§ **EXERCISE BRIEF**
Print the entries exactly; skip the pictures.

=== Section Start ===

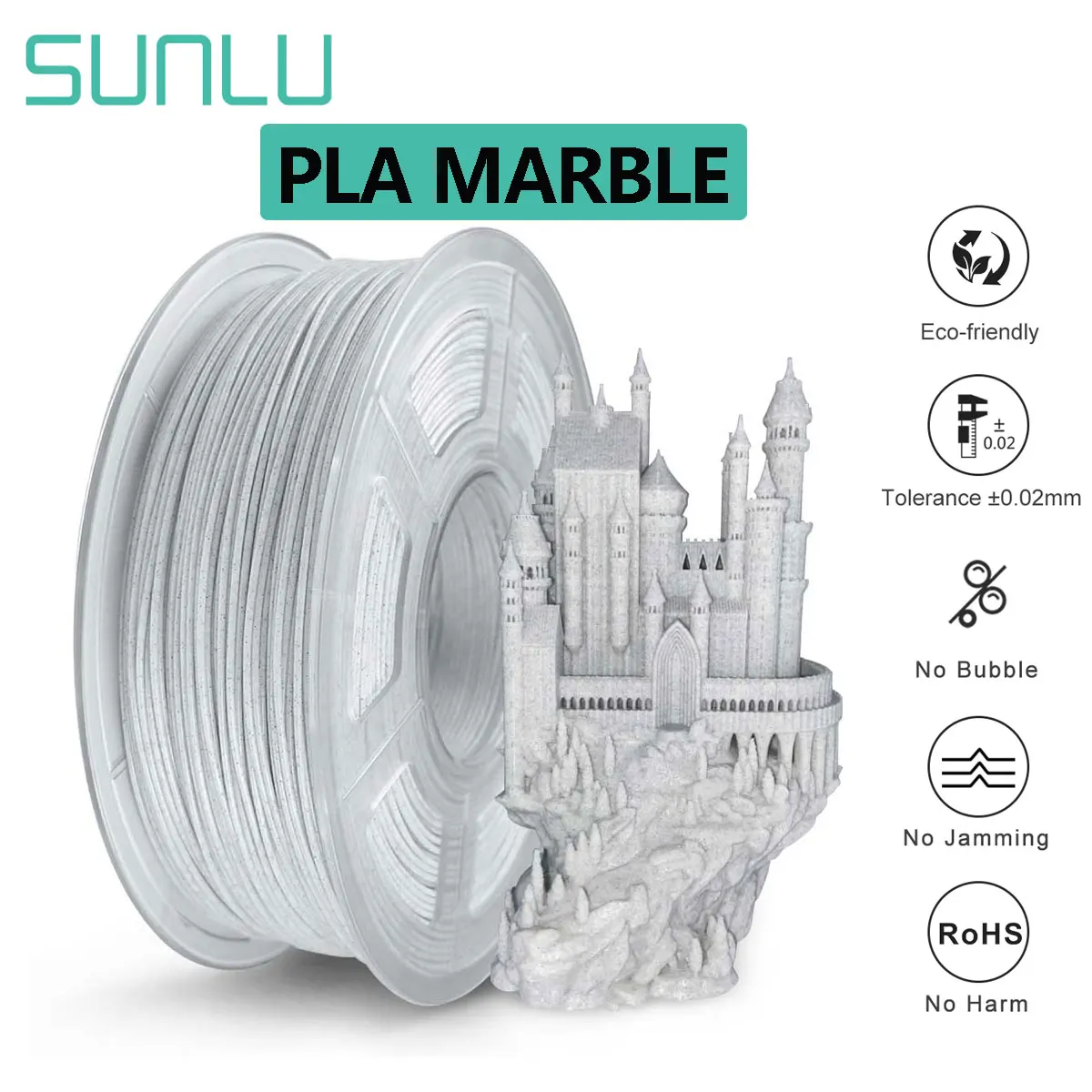 SUNLU 3D Printer Filament Marble PLA 1KG 1.75MM 3D Printers Materials Marble texture Biodegradable Filaments Printing  Materials jayo sunlu neatly wound petg filament 3d printer filament 1 75mm 1kg 3d printing materials fit most fdm 3d printers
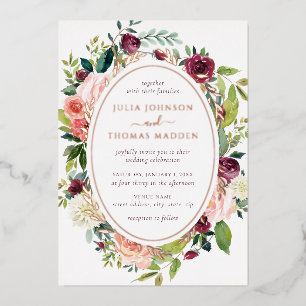 Invitación Con Relieve Metalizado Rosa de Borgoña Boda del follaje floral de oro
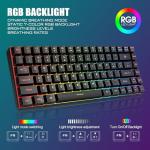 RedThunder K84 Wireless Keyboard and Mouse Combo, Rainbow Backlit Rechargeable Battery, 75% Layout TKL Ultra Compact Gaming Keyboard & Lightweight 3200 DPI Honeycomb Optical Mouse (Black)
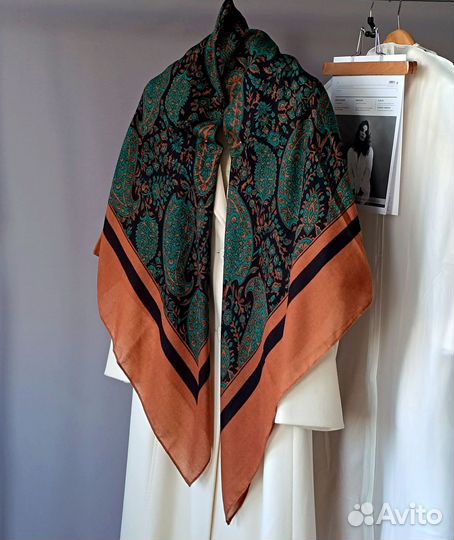 Платок Шаль Hermes Кашемир Пейсли 130*130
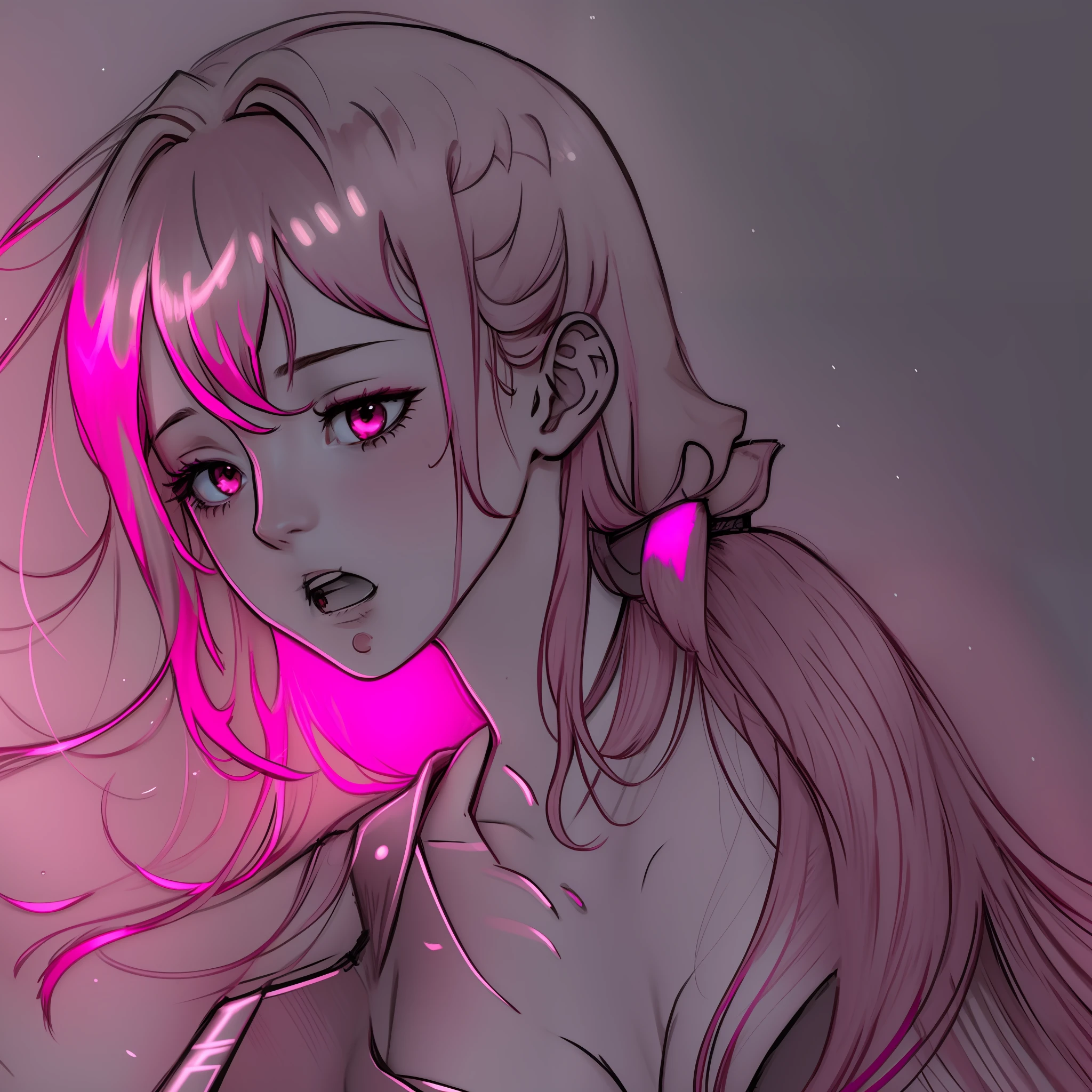 glowart: 1.0), (bright, sketch, drawing: 1.0), 1girl, bangs, red eyes bright relucent light in hair, blush, collarbone, hair between eyes, long hair, looking at viewer, bra, open mouth, pink hair, portrait, shiny, shiny hair, side ponytail, solo, wet, wet hair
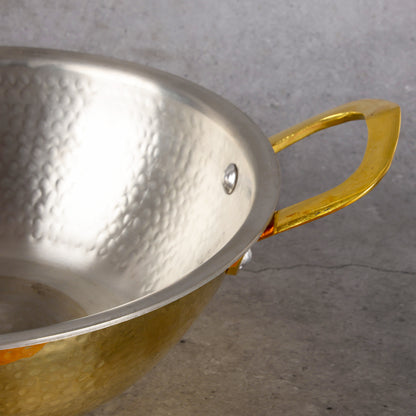 Brass Kadai Hammered with handle - Traditional Cooking Wok - Detailed side angle view showing key features and dimensions.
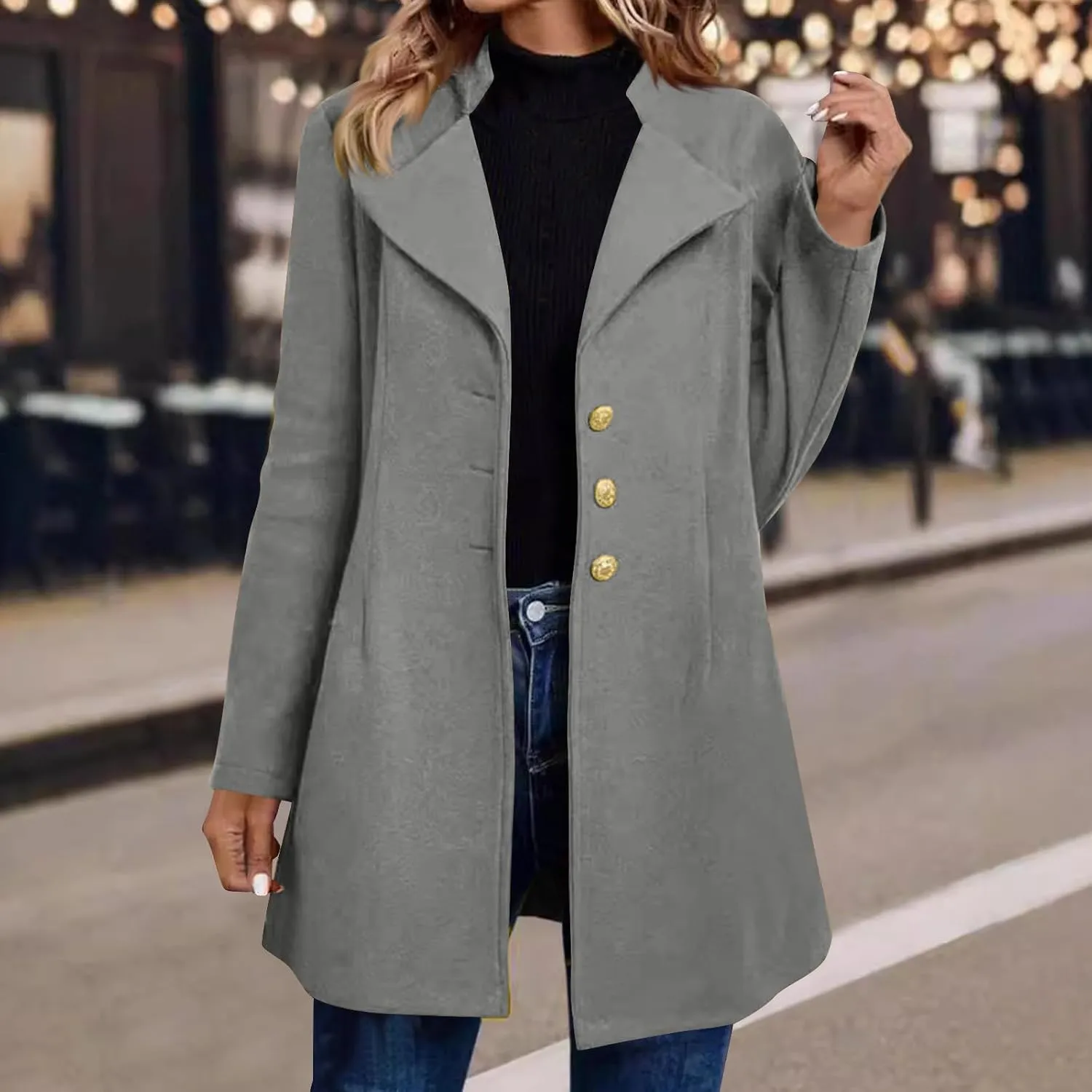 Womens Fashion Trench Coat Wool Blend Single Breasted Woolen Pea Coats Long Sleeve Business Casual Long Jackets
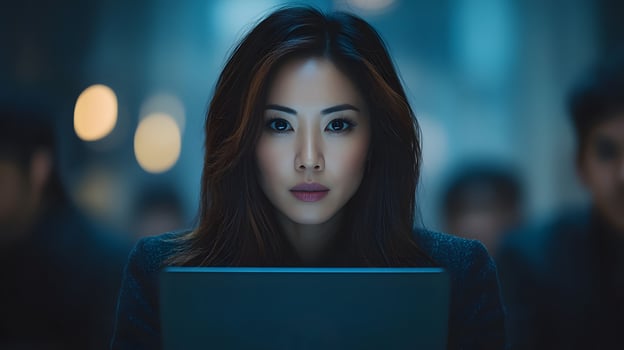 Business presentation led by Asian woman using laptop, professional office with attentive colleagues photo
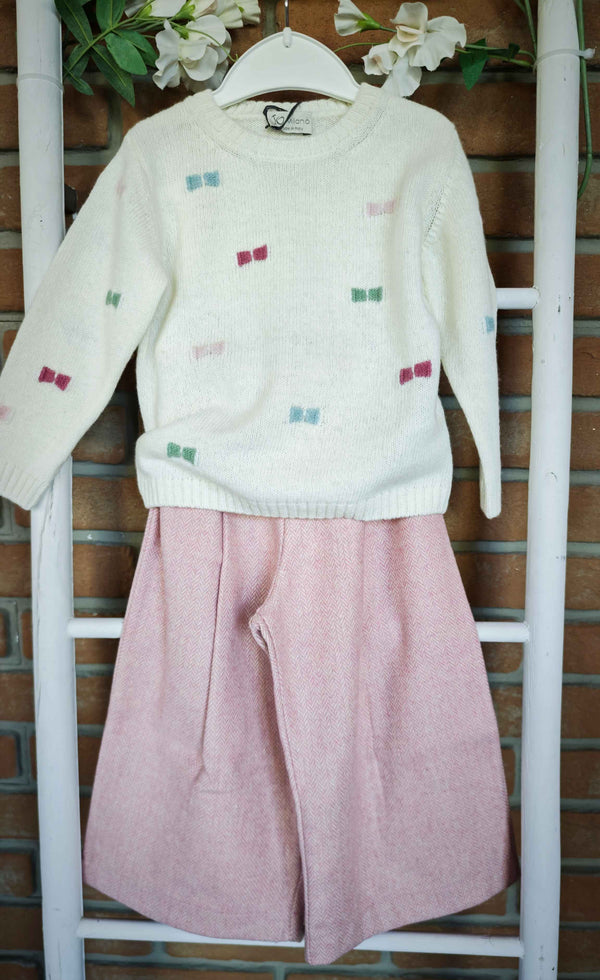 JO MILANO COMPLETO PANTALONE PALAZZO SPIGATO ROSA +MAGLIONCINO LANA PANNA CON FIOCCHETTI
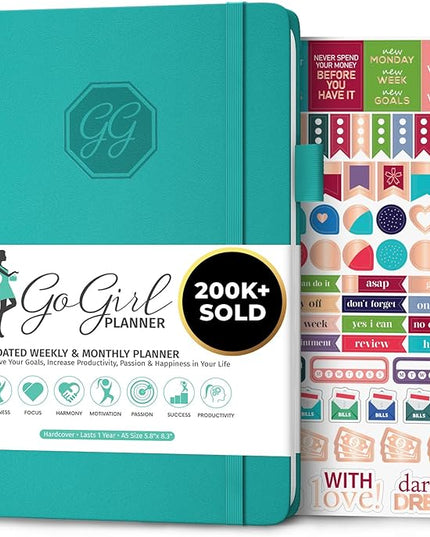 GoGirl Planner and Organizer for Women – A5 Size Weekly Planner, Goals Journal & Agenda to Improve Time Management, Productivity & Live Happier. Undated – Start Anytime, Lasts 1 Year – Turquoise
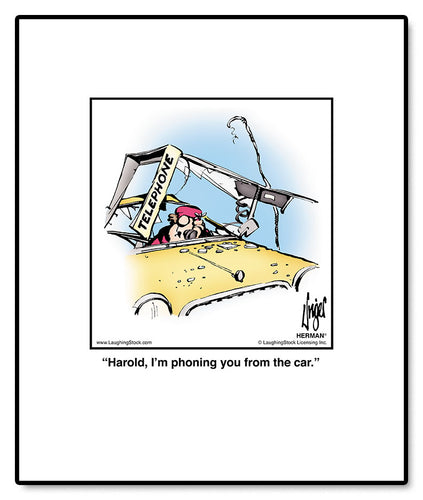 Harold, I’m phoning you from the car.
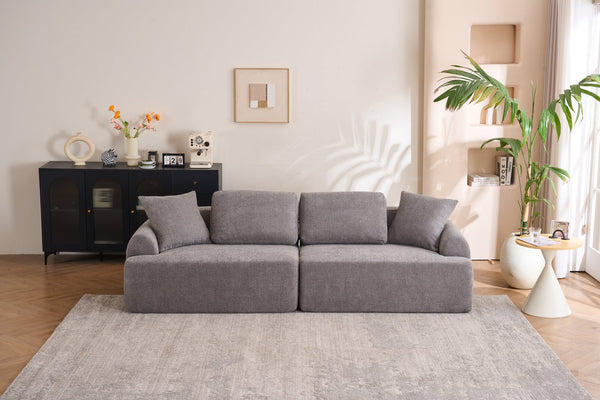 English Elm LY-024GY Plush 4-Seater Compression Sofa in Gray Crochet Yarn Fabric with 4 Pillows, Breathable Comfort 103" wide W2231S00017
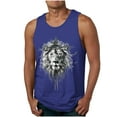 thumbnail image 2 of Nfurl Mens Tank Tops Big and Tall Muscle Workout Shirt Funny Lion Animal Graphic Shirts Gym Workout Running Bodybuilding Tshirts Athletic Sleeveless Summer Tees, 2 of 4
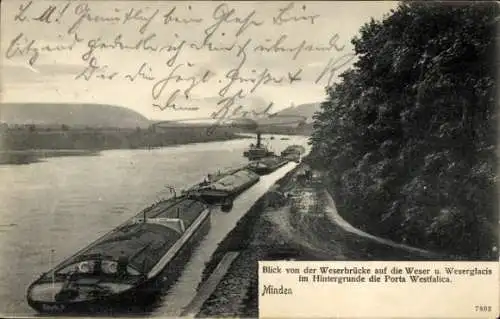 Ak Minden in Westfalen, Blick von der Weserbrücke, Weserglacis, Schleppzug, Porta Westfalica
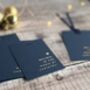 Navy Christmas Gift Tags With Gold Foil Set Of Five, thumbnail 1 of 2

=== Section End ===

§ **ANSWER AREA**
 SUNLU 3D Printer Filament Marble PLA 1KG 1.75MM 3D Printers Materials Marble texture Biodegradable Filaments Printing  Materials jayo sunlu neatly wound petg filament 3d printer filament 1 75mm 1kg 3d printing materials fit most fdm 3d printers
 Invitación Con Relieve Metalizado Rosa de Borgoña Boda del follaje floral de oro
 RedThunder K84 Wireless Keyboard and Mouse Combo, Rainbow Backlit Rechargeable Battery, 75% Layout TKL Ultra Compact Gaming Keyboard & Lightweight 3200 DPI Honeycomb Optical Mouse (Black)
 Платок Шаль Hermes Кашемир Пейсли 130*130
 glowart: 1.0), (bright, sketch, drawing: 1.0), 1girl, bangs, red eyes bright relucent light in hair, blush, collarbone, hair between eyes, long hair, looking at viewer, bra, open mouth, pink hair, portrait, shiny, shiny hair, side ponytail, solo, wet, wet hair
 Brass Kadai Hammered with handle - Traditional Cooking Wok - Detailed side angle view showing key features and dimensions.
 Womens Fashion Trench Coat Wool Blend Single Breasted Woolen Pea Coats Long Sleeve Business Casual Long Jackets
 Business presentation led by Asian woman using laptop, professional office with attentive colleagues photo
 JO MILANO COMPLETO PANTALONE PALAZZO SPIGATO ROSA +MAGLIONCINO LANA PANNA CON FIOCCHETTI
 GoGirl Planner and Organizer for Women – A5 Size Weekly Planner, Goals Journal & Agenda to Improve Time Management, Productivity & Live Happier. Undated – Start Anytime, Lasts 1 Year – Turquoise
 Harold, I’m phoning you from the car.
 English Elm LY-024GY Plush 4-Seater Compression Sofa in Gray Crochet Yarn Fabric with 4 Pillows, Breathable Comfort 103" wide W2231S00017
 thumbnail image 2 of Nfurl Mens Tank Tops Big and Tall Muscle Workout Shirt Funny Lion Animal Graphic Shirts Gym Workout Running Bodybuilding Tshirts Athletic Sleeveless Summer Tees, 2 of 4
 Ak Minden in Westfalen, Blick von der Weserbrücke, Weserglacis, Schleppzug, Porta Westfalica
 Navy Christmas Gift Tags With Gold Foil Set Of Five, thumbnail 1 of 2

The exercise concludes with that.